Auf die Beschwerde der Klägerin wird der Beschluss des Sozialgerichts Duisburg vom 19.03.2012 abgeändert. Der Klägerin wird für das erstinstanzliche Verfahren Prozesskostenhilfe unter Beiordnung von Rechtsanwalt Dr. D, E, bewilligt.
Gründe:
I.
Die Klägerin wendet sich gegen die Versagung von Prozesskostenhilfe.
Die Klägerin steht im Bezug von Leistungen nach dem Zweiten Buch des Sozialgesetzbuches – Grundsicherung für Arbeitsuchendes – (SGB II).
Mit Bescheid vom 18.02.2011 bewilligte die Beklagte der Klägerin sowie ihrem damaligen Lebensgefährten, dem zwischenzeitlich verstorbenen Herrn M, für die Zeit vom 01.01.2011 bis zum 30.06.2011 Leistungen in Höhe von monatlich insgesamt 776,21 EUR. Durch Änderungsbescheid vom 23.03.2011 hob die Beklagte die bewilligten Leistungen auf 802,21 EUR an. Mit erneutem Bescheid vom 23.05.2011 bewilligte die Beklagte der Klägerin und ihrem Lebensgefährten für den vorbenannten Zeitraum weiterhin monatlich 802,21 EUR. Nach dem Tod des Lebensgefährten hob die Beklagte mit Bescheid vom 20.06.2011 die Bewilligung für die Monate Mai und Juni 2011 teilweise auf und berechnete den Leistungsanspruch der Klägerin für die Zeit ab dem 01.05.2011 neu. Mit Schreiben vom 25.06.2011 legte die Klägerin Widerspruch gegen den Bescheid vom 23.05.2011 mit der Begründung ein, der Regelbedarf sei in verfassungswidriger Weise zu gering bemessen. Mit weiterem Widerspruchsschreiben vom 21.07.2011 richtete sich die Klägerin auch gegen den Bescheid vom 20.06.2011. Dieses Widerspruchsverfahren wurde auf Antrag der Klägerin ruhend gestellt. Mit Widerspruchsbescheid vom 12.09.2011 wurde der Widerspruch der Klägerin gegen den Bescheid vom 23.05.2011 zurückgewiesen.

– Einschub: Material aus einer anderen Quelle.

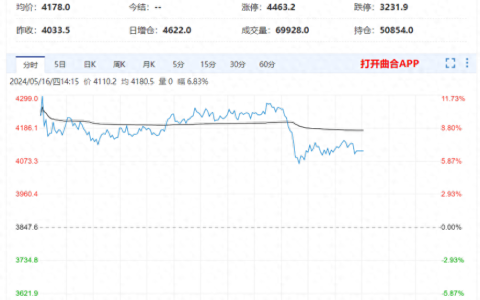 现货接连提涨，集运欧线短期偏强局势或难改-欧洲集装箱海运价格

Am 27.09.2011 hat die Klägerin hiergegen Klage erhoben und beantragt, die Beklagte unter Abänderung des Bescheides vom 23.05.2011 in Gestalt des Widerspruchsbescheides vom 12.09.2011 zu verurteilen, ihr höhere Leistungen nach dem SGB II zu bewilligen. Zur Begründung hat sie ausgeführt, die Regelungen über die Höhe der Leistungen seien für die Zeit ab dem 01.01.2011 verfassungswidrig.
Sie hat überdies beantragt,
ihr Prozesskostenhilfe unter Beiordnung von Rechtsanwalt Dr. D, E, zu bewilligen.

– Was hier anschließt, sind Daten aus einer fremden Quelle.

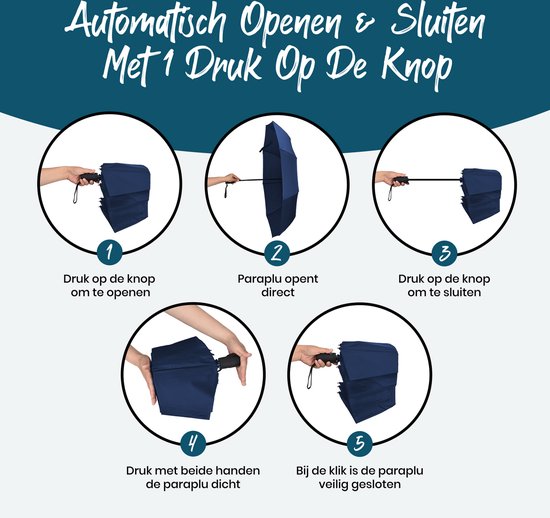 Sturmschirm faltbar - Sturmsicher bis 140km/h - Automatisch faltbar - Inkl. Schutzhülle und Reiseetui - Blau - Sunflake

Mit Beschluss vom 19.03.2012, der Klägerin zugestellt am 21.03.2012, hat das Sozialgericht den Antrag auf Bewilligung von Prozesskostenhilfe und Beiordnung von Rechtsanwalt Dr. D, E, abgelehnt. Auf den Inhalt des Beschlusses wird Bezug genommen.
Hiergegen hat die Klägerin am 21.03.2011 Beschwerde eingelegt. Zur Begründung verweist sie erneut darauf, dass die Höhe der Leistungen nach dem SGB II für die Zeit ab dem 01.01.2011 aus verfassungsrechtlichen Gründen zu niedrig sei.
Wegen der weiteren Einzelheiten des Sach- und Streitstandes wird auf die beigezogene Verwaltungsakte, die sowie die Gerichtsakte Bezug genommen.
II.
Die zulässige Beschwerde ist begründet. Der Klägerin ist Prozesskostenhilfe unter Beiordnung von Rechtsanwalt Dr. D zu gewähren.
Prozesskostenhilfe steht der Klägerin nach § 73 a des Sozialgerichtsgesetzes (SGG) i.V.m. § 114 Zivilprozessordnung (ZPO) zu, weil die beabsichtigte Rechtsverfolgung nach summarischer Prüfung hinreichende Erfolgsaussicht aufweist.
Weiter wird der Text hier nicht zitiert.